## WHAT THIS TASK INVOLVES
Starting at the line that contains "Denmark #C6-10 Cat$36, 1934" and stopping at the line that contains "Gold Digger Glitter Text Bucket Hat", restate each line of the records below exactly. Omit the pictures.
DATA SHOWN Start Marker
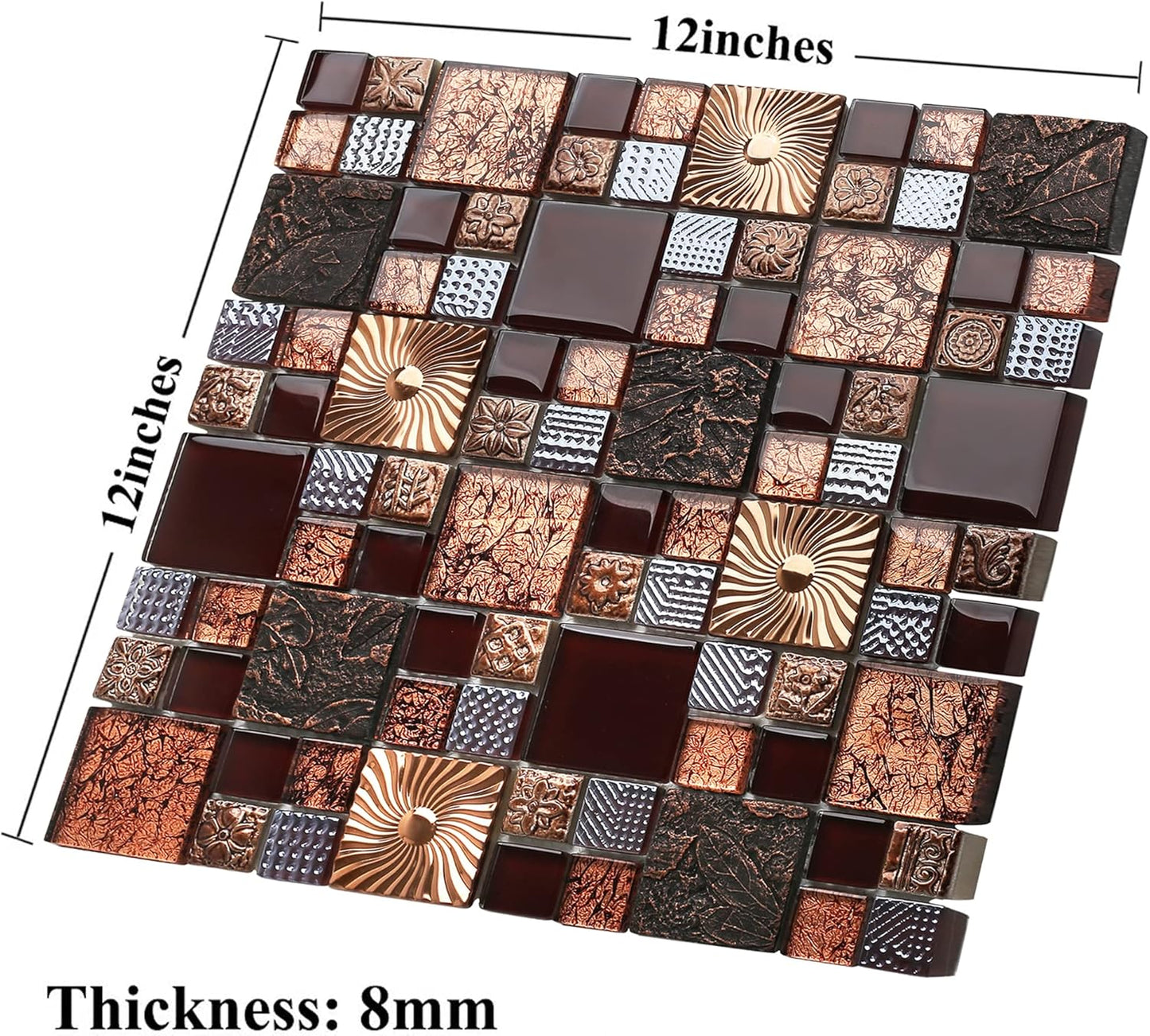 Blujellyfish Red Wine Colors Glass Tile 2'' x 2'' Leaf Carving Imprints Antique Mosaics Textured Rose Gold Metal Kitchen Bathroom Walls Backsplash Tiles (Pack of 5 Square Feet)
DATA SHOWN End Marker
DATA SHOWN Start Marker
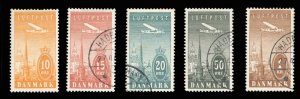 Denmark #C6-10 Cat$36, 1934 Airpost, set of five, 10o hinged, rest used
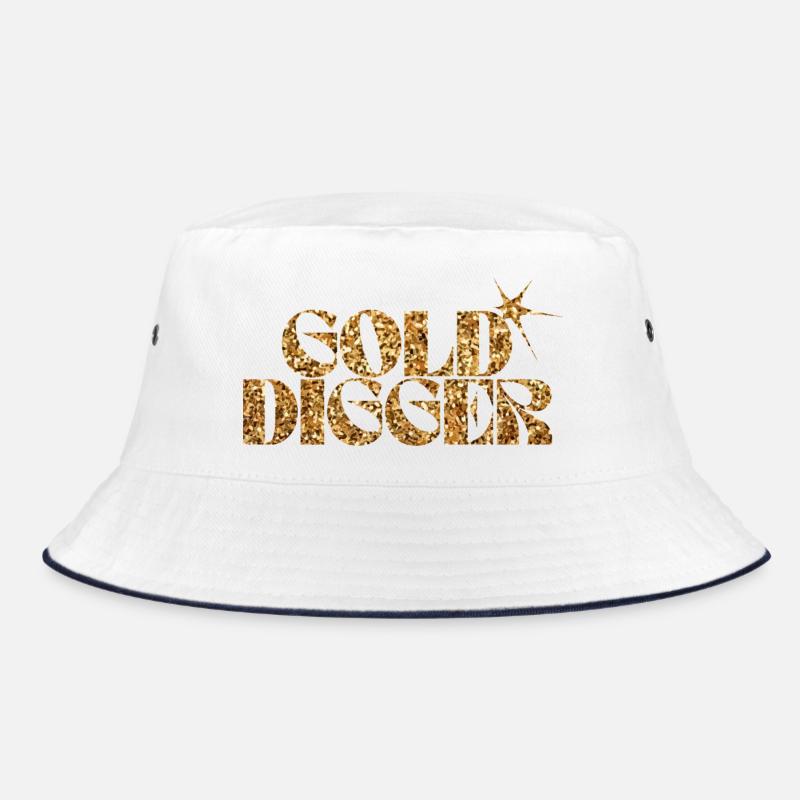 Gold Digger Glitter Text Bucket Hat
DATA SHOWN End Marker
## RESPONSE TO THE EXERCISE
 Denmark #C6-10 Cat$36, 1934 Airpost, set of five, 10o hinged, rest used
 Gold Digger Glitter Text Bucket Hat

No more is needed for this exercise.